Her first point was that since we are relatively vulnerable when we sleep a large part of the 24-hour day, sleep must serve a very important function, or evolution would not have selected for it. Early humans had to hunt and gather food, find and build shelter, and protect themselves from predators and competing groups. Those activities consume a lot of time, so unless sleep served very important purposes, those who slept less would have an advantage. Yet sleeping for long hours of the night was maintained over the millennia. But until recently, scientists had only vague ideas about what exactly happens during sleep that is so beneficial.

Neurons in the brain are connected through synapses, the junctions that allow linkages of neural networks whereby signals are transmitted throughout the brain and onto cells in all parts of the body. During waking hours, new learning can strengthen connections through an electrophysiological process called potentiation. You can think of knowledge you have that has been acquired over long periods of time as a group of well-connected neural paths. When you learn something new, new paths are connected to the older, already-established paths. During the waking hours, your brain processes massive amounts of new information through the sensory systems. Some of that information seems trivial, such as remembering where you parked your car. But that memory (which is often weak!) has to be preserved at least until you reach the car. It establishes a connection to your memory of what your car looks like, a well-established “old” memory. The brain creates multitudes of these kinds of connections daily. During the course of the day, the connections can become “saturated” such that even though there are billions of neurons and trillions of connections among neurons, particular circuits can become overwhelmed. Everyone is familiar with the concept of “information overload” whereby new information is being processed too fast to accommodate it all.

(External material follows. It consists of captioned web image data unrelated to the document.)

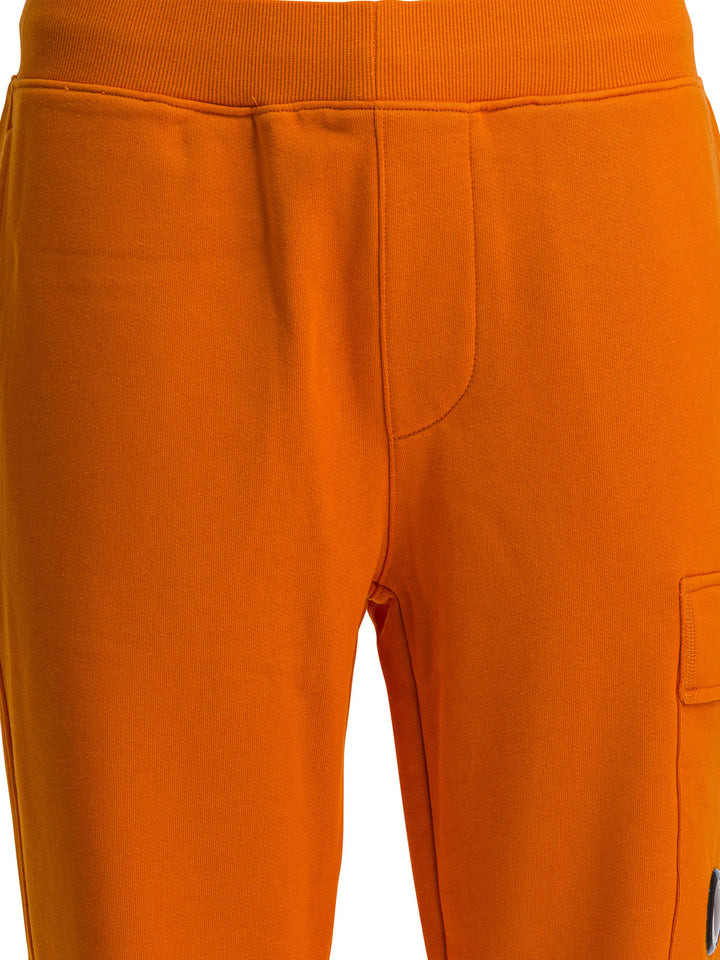 C.P. Company Diagonal Raised Fleece Sweatpants Trousers - Arancione | e02e410d1df585348ae35ce5733f6ba77ab35f64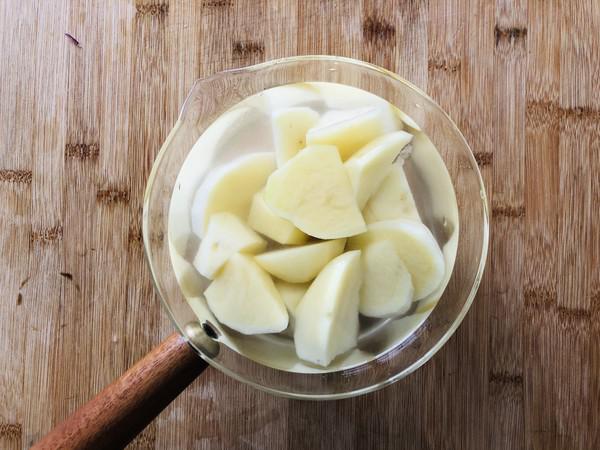 雞腿燉土豆的做法-咸鮮味燉菜譜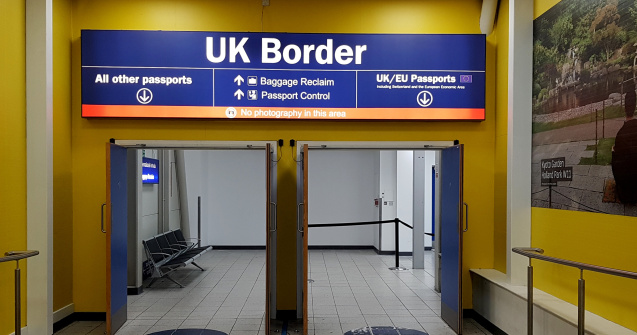 MAE a cerut clarificări autorităților britanice privind controalele la frontieră asupra românilor, după relatările presei din UK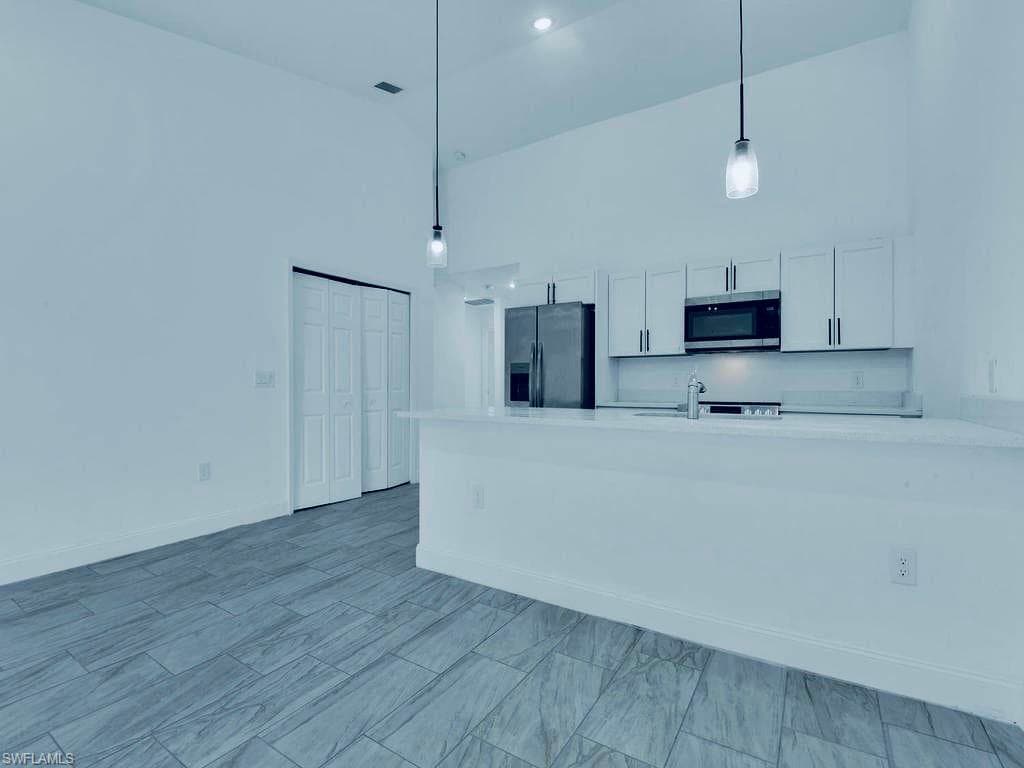 849 Bedford DR-21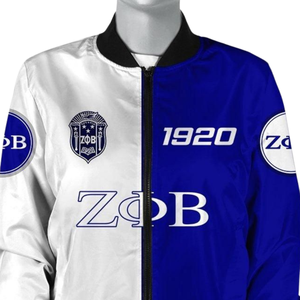 Chaqueta de Satén Zeta Phi Beta para Mujer, Prenda Griega Premium de 1920, Azul y Blanco, Bordado con el Escudo de la Hermandad, Diseño Universitario - Product Image 5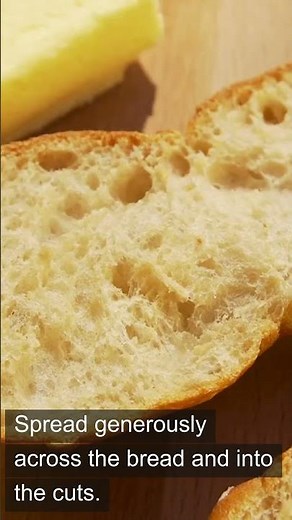 "Ultimate Cheesy Garlic Pull-Apart Bread Recipe!"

Dr. Cirelli explained that during sleep, a great many synaptic connections are weakened so that connections are more available for new learning the next day. Continuing with the parked car example, the exact location where the car was parked is not needed again, so the connections made are weakened. In fact, if it were not, you might retain memories of hundreds of places where you have parked, leading to considerable confusion! Evidence is available from multiple independent labs conducting studies on animals and humans that show weakening through measurement of the processes in several ways: by measuring electrical potentials; assessing molecular changes; and observing structural changes. Furthermore, genetic research is revealing which genes direct these processes to unfold. If you don’t sleep, or if you sleep less than an optimal number of hours relative to your typical sleep period, learning may be compromised the next day. This body of research adds to that showing other benefits of sleep such as downregulation of emotional arousal and clearance of waste byproducts of metabolism.

You don’t have to be a scientist to understand that not sleeping at all or not sleeping well exerts a cost in terms of next day functioning — this is common cultural wisdom. This research is an example of science showing the “why” and “how” mechanisms and physiological processes that underlie that wisdom.